Pasaron ya casi dos décadas desde mis 15 años. Viendo y escuchando a los jóvenes de hoy, me doy cuenta de cuánto cambió todo. Qué difícil es encontrar por estos días aquella última pizca infantil que teníamos nosotros a esa edad antes de dar el salto definitivo a la adolescencia. Recuerdo que en esa época coleccionaba mis últimas figuritas.
Si bien no lo hice con esa ilusión incomparable que se tiene en la infancia, cuando uno compraba el álbum, los paquetes y rogaba que estuviera la que nos faltaba… Había algo de aquellos años en los que pegaba, en la parte de adentro de mi carpeta del secundario, las figuritas del Mundial de Italia 90. En total tendría unas ocho o nueve. No recuerdo todas pero seguro tenía la de Thomas Hässler, la de Klinsmann, la de Van Basten y mis dos preferidas: los ingleses Chris Waddle y Paul Gascoigne.

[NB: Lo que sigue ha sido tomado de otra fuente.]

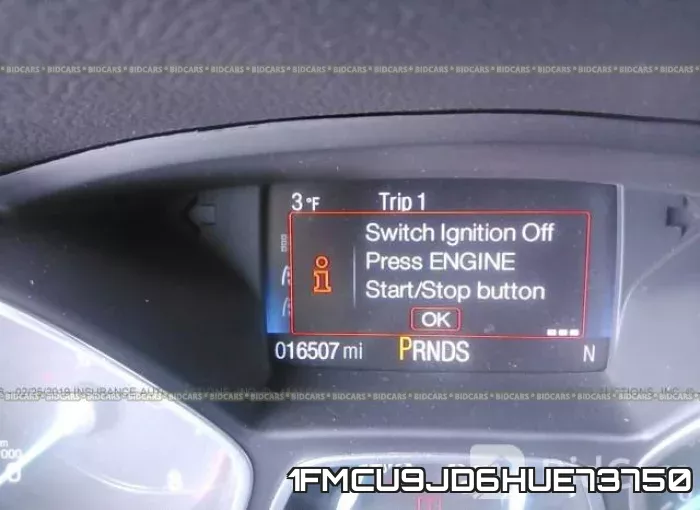 1FMCU9JD6HUE73750 фото 8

En esa época, algún entrenador de inferiores me probaba de mediocampista y es por eso que sentía una gran admiración por estos nuevos volantes multifacéticos, todoterreno, que recuperaban y que además jugaban muy bien con la pelota. Años más tarde, el destino me llevaba hacia Inglaterra para jugar en el Middlesbrough. Lo que no sabía era que esa misma temporada fichaba para el Boro uno de los jugadores que había pegado en mi carpeta ocho años atrás.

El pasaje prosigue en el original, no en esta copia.